For people and planet

Rodne Galicha of the Climate Reality Project said the fact that investments for RE in the country are increasing means businesses realize that it is both good for the people and the planet.

“The main problem we are facing in the country is the denial of some decision-makers on the reality of our capacity to shift from dirty, big coal to cleaner-energy sources, such as hydropower, geothermal, wind and solar. Let’s put a price on denial, let’s put a price on every ton of carbon dioxide emitted by the energy sector. This kind of tax can be refunded to the energy producer as renewable reinvestment,” he said.

Quoting Pete H. Maniego, a senior policy advisor of the Institute for Climate and Sustainable Cities, Galicha said RE can sustain the country’s bid for industrialization. He said indigenous RE sources can support and promote industrialization and, in fact, can be the anchor of the government’s industrial policy.

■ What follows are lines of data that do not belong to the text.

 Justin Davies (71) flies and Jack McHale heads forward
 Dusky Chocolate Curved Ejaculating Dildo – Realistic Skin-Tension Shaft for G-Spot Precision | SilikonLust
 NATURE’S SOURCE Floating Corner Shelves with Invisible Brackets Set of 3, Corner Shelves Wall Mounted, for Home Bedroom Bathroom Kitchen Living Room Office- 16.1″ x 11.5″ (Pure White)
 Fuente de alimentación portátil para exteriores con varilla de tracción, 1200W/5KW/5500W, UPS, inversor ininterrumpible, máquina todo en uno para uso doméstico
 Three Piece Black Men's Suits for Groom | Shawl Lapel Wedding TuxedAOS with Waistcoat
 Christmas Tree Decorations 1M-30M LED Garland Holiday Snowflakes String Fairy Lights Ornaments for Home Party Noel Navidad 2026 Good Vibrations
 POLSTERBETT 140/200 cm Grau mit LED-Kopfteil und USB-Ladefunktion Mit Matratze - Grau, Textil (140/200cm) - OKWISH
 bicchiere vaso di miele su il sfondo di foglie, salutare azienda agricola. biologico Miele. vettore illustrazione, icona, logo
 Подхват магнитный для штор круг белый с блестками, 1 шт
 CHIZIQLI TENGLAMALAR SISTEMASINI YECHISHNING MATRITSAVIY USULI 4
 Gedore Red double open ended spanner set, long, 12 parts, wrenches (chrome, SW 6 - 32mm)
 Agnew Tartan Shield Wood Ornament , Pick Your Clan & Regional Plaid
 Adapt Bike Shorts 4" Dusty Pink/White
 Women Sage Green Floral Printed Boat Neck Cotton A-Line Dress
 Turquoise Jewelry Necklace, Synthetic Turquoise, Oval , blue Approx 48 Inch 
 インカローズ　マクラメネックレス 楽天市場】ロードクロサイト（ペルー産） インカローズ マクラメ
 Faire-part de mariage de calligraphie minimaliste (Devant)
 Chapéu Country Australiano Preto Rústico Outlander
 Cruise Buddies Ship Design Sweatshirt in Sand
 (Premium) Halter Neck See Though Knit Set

Maniego had said that to be energy-secure and self-sufficient, the Philippines must give utmost priority to reducing its reliance on imported fuels. The Philippines imports more than 80 percent of its coal requirements, with 70 percent coming from Indonesia.

In 2015 the country imported 15 million tons of coal worth $800 million from Indonesia alone.

According to Galicha, the Climate Reality Project supports the passage of Senate Bill 251, or the proposed Low Carbon Economy Act filed by Sen. Loren Legarda. It establishes the emission cap-and-trade system in the industry sector to reduce greenhouse-gas emissions and protect the climate.

“There is an urgent need for the Philippine government to look at the benefits of the Paris Agreement to our communities and the planet. We call on the Senate to, once and for all, act with a sense of urgency and do the right thing. We are glad that it has been announced publicly that the climate pact will be ratified by July, however, why not as soon as possible?” Galicha said.

He said that to hasten the RE development in the Philippines, a one-stop shop with lower transaction costs for RE investments and projects must be established by concerned government agencies.

He noted that there are tons of documents that investors need to file to make RE projects rolling—from permits to regulatory and operational stages.

RE advocates say that for the Philippines to achieve a sustainable development path, a shift to RE should start, and coal addiction must first stop.